A brilliant overview of America's defining human rights crisis and a "much-needed introduction to the racial, political, and economic dimensions of mass incarceration" (Michelle Alexander)
Understanding Mass Incarceration offers the first comprehensive overview of the incarceration apparatus put in place by the world's largest jailer: the United States.
Drawing on a growing body of academic and professional work, Understanding Mass Incarceration describes in plain English the many competing theories of criminal justice--from rehabilitation to retribution, from restorative justice to justice reinvestment. In a lively and accessible style, author James Kilgore illuminates the difference between prisons and jails, probation and parole, laying out key concepts and policies such as the War on Drugs, broken windows policing, three-strikes sentencing, the school-to-prison pipeline, recidivism, and prison privatization. Informed by the crucial lenses of race and gender, he addresses issues typically omitted from the discussion: the rapidly increasing incarceration of women, Latinos, and transgender people; the growing imprisonment of immigrants; and the devastating impact of mass incarceration on communities.

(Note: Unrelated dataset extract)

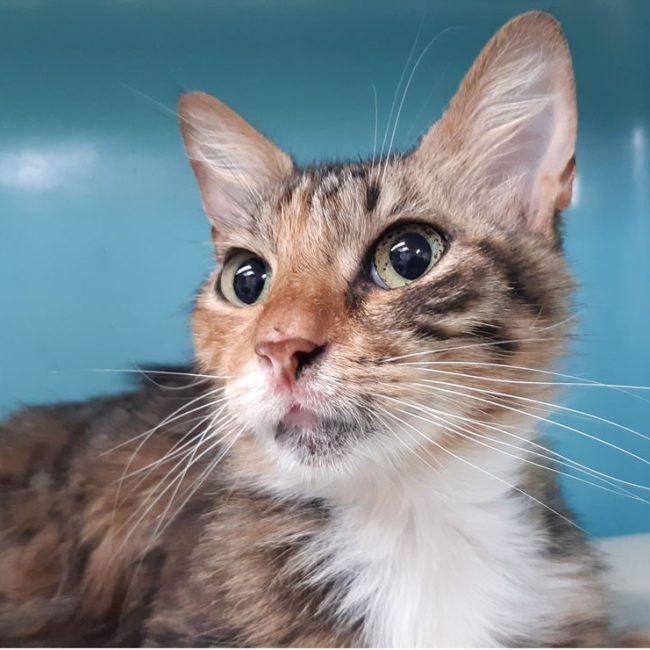 Juliette - Chat Européen à adopter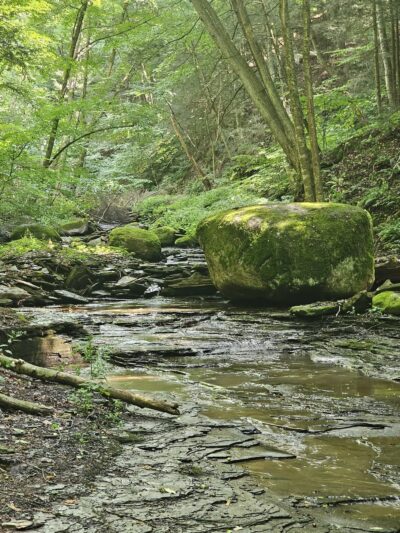 Wesley Hill Nature Preserve - Naples, NY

Both field guide and primer, Understanding Mass Incarceration is an essential resource for those engaged in criminal justice activism as well as those new to the subject.
About the Author
James Kilgore is a formerly incarcerated person who currently teaches in the Center for African Studies at the University of Illinois. He is the author of a number of novels and an educational text about Zimbabwe. He lives with his family in Champaign, Illinois.